Each line of the material should be set down exactly. Pictures are not part of the copy.

» **Entries shown**:
◇ ◇ ◇ ◇ ◇

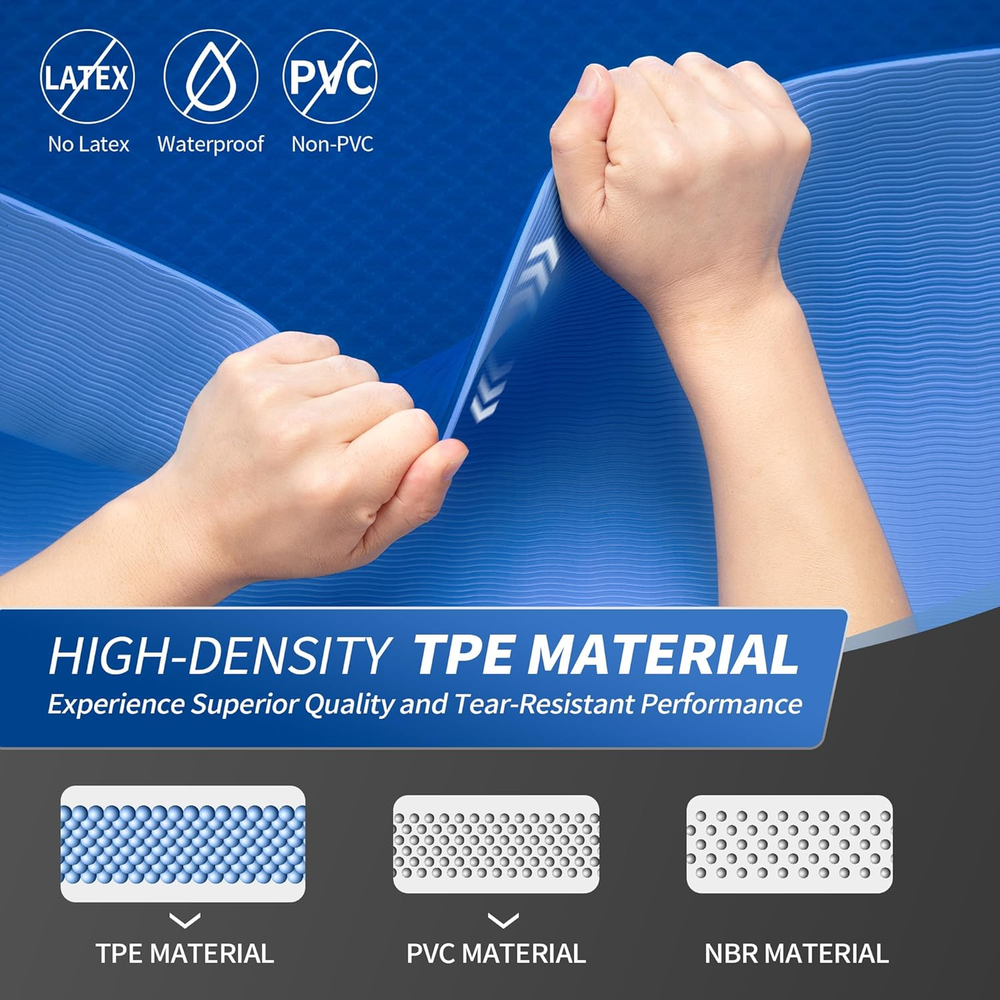Eco-Friendly Non-Slip Extra Thick Yoga Mat for Women Men & Kids in 1/3 1/4 & 2/5 Inch Sizes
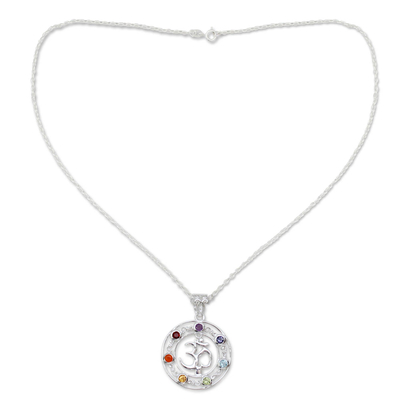 Multi-gemstone chakra necklace, 'Om Magnificence' - 6.3 Cts Multi-gemstone Medallion Necklace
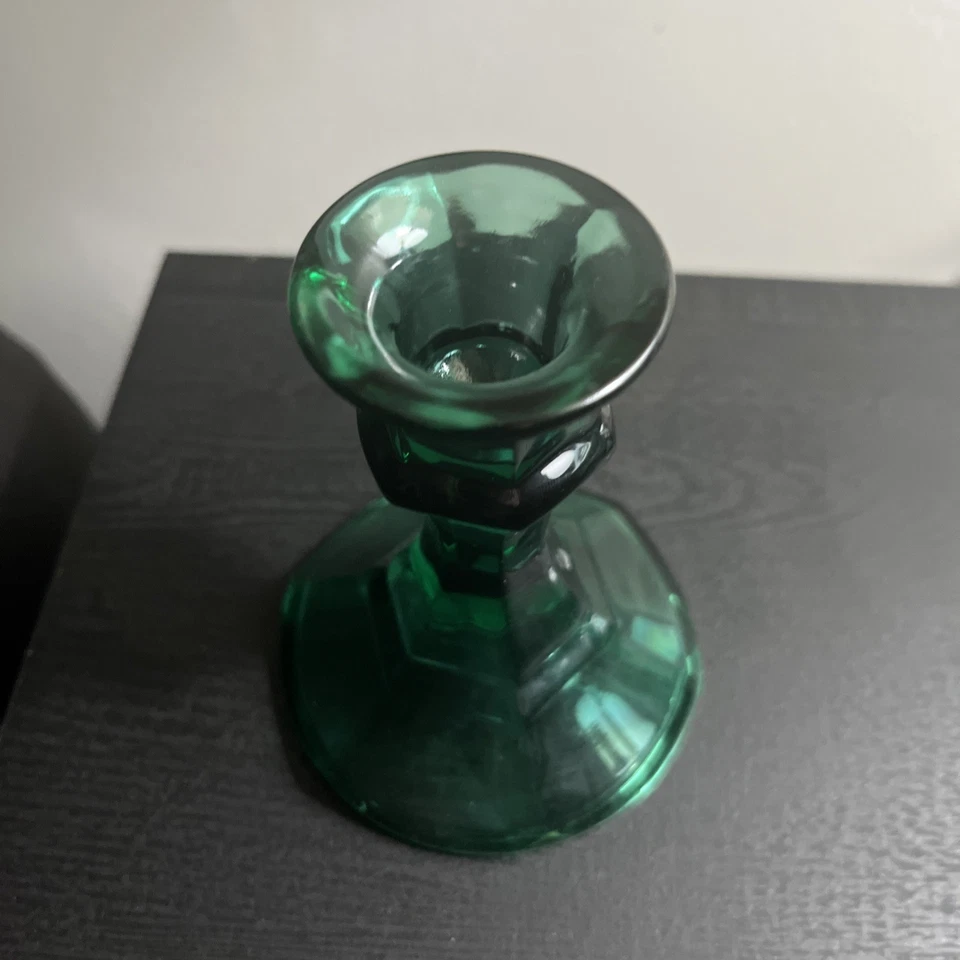 Green Glass Taper Candle Holders 4 inch Excellent Condition. - Image 2 of 4
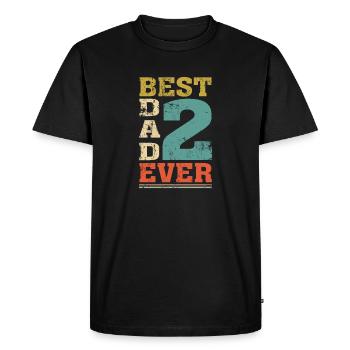 Best Dad Ever Dad 2 Kids Double Dad shirt - Men's Premium Organic T-Shirt - black - Front - Nico (187cm)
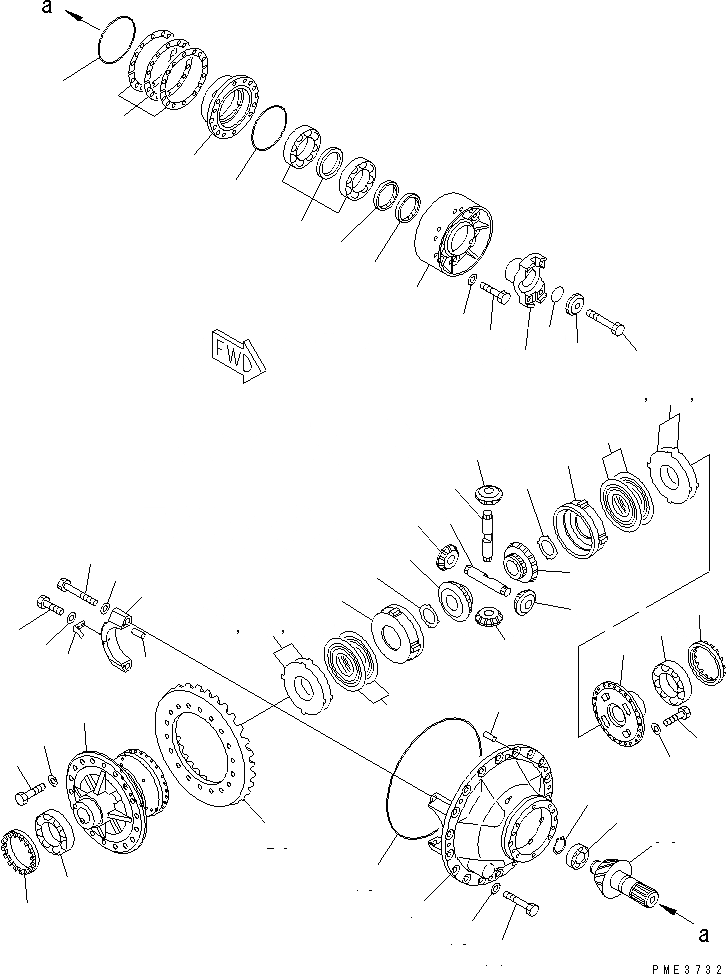 Схема запчастей Komatsu WA500-3 - ЗАДН. МОСТ (ДИФФЕРЕНЦ. И ЭЛЕМЕНТЫ КРЕПЛЕНИЯ) (С АНТИПРОСКАЛЬЗЫВАЮЩ. ДИФФЕРЕНЦИАЛОМ МОСТА)(№.-) ГИДРОТРАНСФОРМАТОР И ТРАНСМИССИЯ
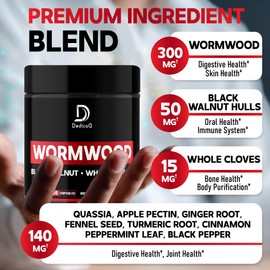 Wormwood Capsules - 12 Herbs Blended Black Walnut, Cloves, Ginger, Turmeric, Cinnamon, Apple, Quassia - 2 Packs 50 Capsules - Support Digestive, Immune System & Joint Health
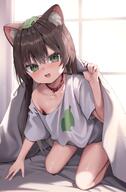 1girl absurdres animal_collar animal_ear_fluff animal_ears brown_hair collar day fang highres indoors leaf leaf_on_head long_hair looking_at_viewer mannack mannack_016 off_shoulder open_mouth original oversized_clothes oversized_shirt raccoon_ears raccoon_girl raku_(mannack) red_collar sensitive shirt short_sleeves skin_fang sweat under_covers white_shirt window // 1810x2759 // 372.3KB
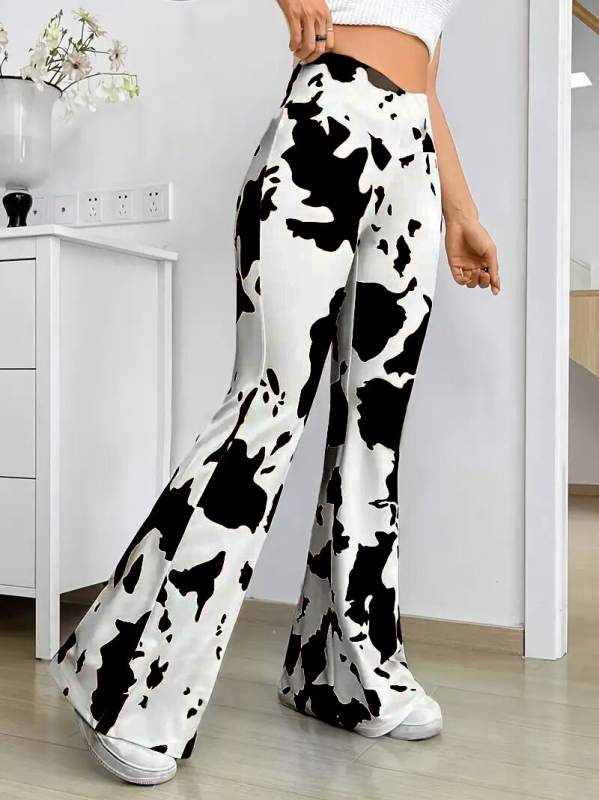 Печатани панталони с широки крачоли и висока талия за жени, еластична талия, полиестер-еластан, ежедневни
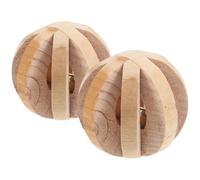 Alipis 2pcs Wooden Chew for Small Animals Squirrels and Hamsters, Beige Ball Shaped Pet with Decompression Function to Protect Shoes and Furniture from Biting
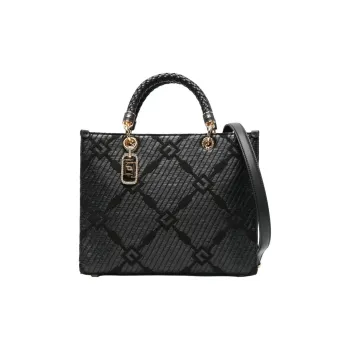 Elisabetta Franchi Logo Charm Jacquard Tote Bag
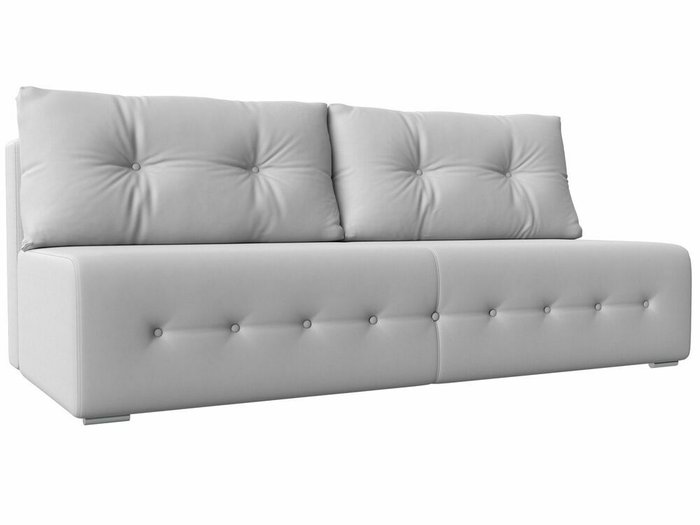 Прямой диван-кровать Лондон белого цвета (экокожа)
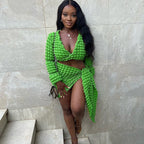 Women's Streetwear Hollow Out Cutout Dress Two-Piece Set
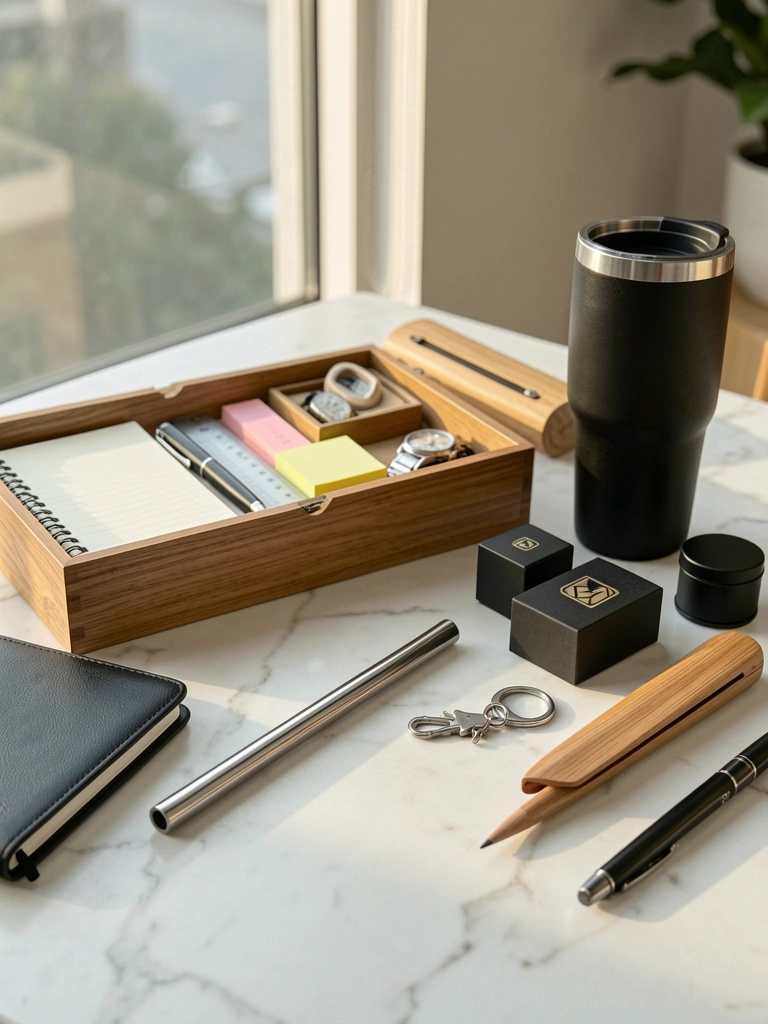 Canudo de aço inoxidável sobre mármore branco, com caderno, caneta e estojo de madeira ao lado, luz natural e fundo desfocado.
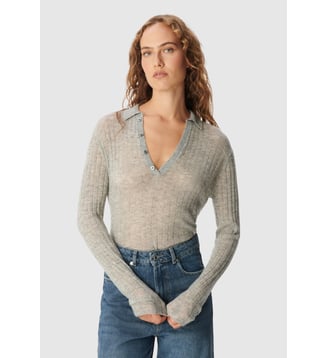 Pull col polo V tricot Ikks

◇ ◇ ◇ ◇ ◇

» **Result for this exercise**:
Eco-Friendly Non-Slip Extra Thick Yoga Mat for Women Men & Kids in 1/3 1/4 & 2/5 Inch Sizes
 Multi-gemstone chakra necklace, 'Om Magnificence' - 6.3 Cts Multi-gemstone Medallion Necklace
 Green Glass Taper Candle Holders 4 inch Excellent Condition. - Image 2 of 4
 Best Dad Ever Dad 2 Kids Double Dad shirt - Men's Premium Organic T-Shirt - black - Front - Nico (187cm)
 Схема запчастей Komatsu WA500-3 - ЗАДН. МОСТ (ДИФФЕРЕНЦ. И ЭЛЕМЕНТЫ КРЕПЛЕНИЯ) (С АНТИПРОСКАЛЬЗЫВАЮЩ. ДИФФЕРЕНЦИАЛОМ МОСТА)(№.-) ГИДРОТРАНСФОРМАТОР И ТРАНСМИССИЯ
 Wormwood Capsules - 12 Herbs Blended Black Walnut, Cloves, Ginger, Turmeric, Cinnamon, Apple, Quassia - 2 Packs 50 Capsules - Support Digestive, Immune System & Joint Health
 1girl absurdres animal_collar animal_ear_fluff animal_ears brown_hair collar day fang highres indoors leaf leaf_on_head long_hair looking_at_viewer mannack mannack_016 off_shoulder open_mouth original oversized_clothes oversized_shirt raccoon_ears raccoon_girl raku_(mannack) red_collar sensitive shirt short_sleeves skin_fang sweat under_covers white_shirt window // 1810x2759 // 372.3KB
 Печатани панталони с широки крачоли и висока талия за жени, еластична талия, полиестер-еластан, ежедневни
 Alipis 2pcs Wooden Chew for Small Animals Squirrels and Hamsters, Beige Ball Shaped Pet with Decompression Function to Protect Shoes and Furniture from Biting
 Elisabetta Franchi Logo Charm Jacquard Tote Bag
 Прямой диван-кровать Лондон белого цвета (экокожа)
 Women's Streetwear Hollow Out Cutout Dress Two-Piece Set
 Canudo de aço inoxidável sobre mármore branco, com caderno, caneta e estojo de madeira ao lado, luz natural e fundo desfocado.
 Pull col polo V tricot Ikks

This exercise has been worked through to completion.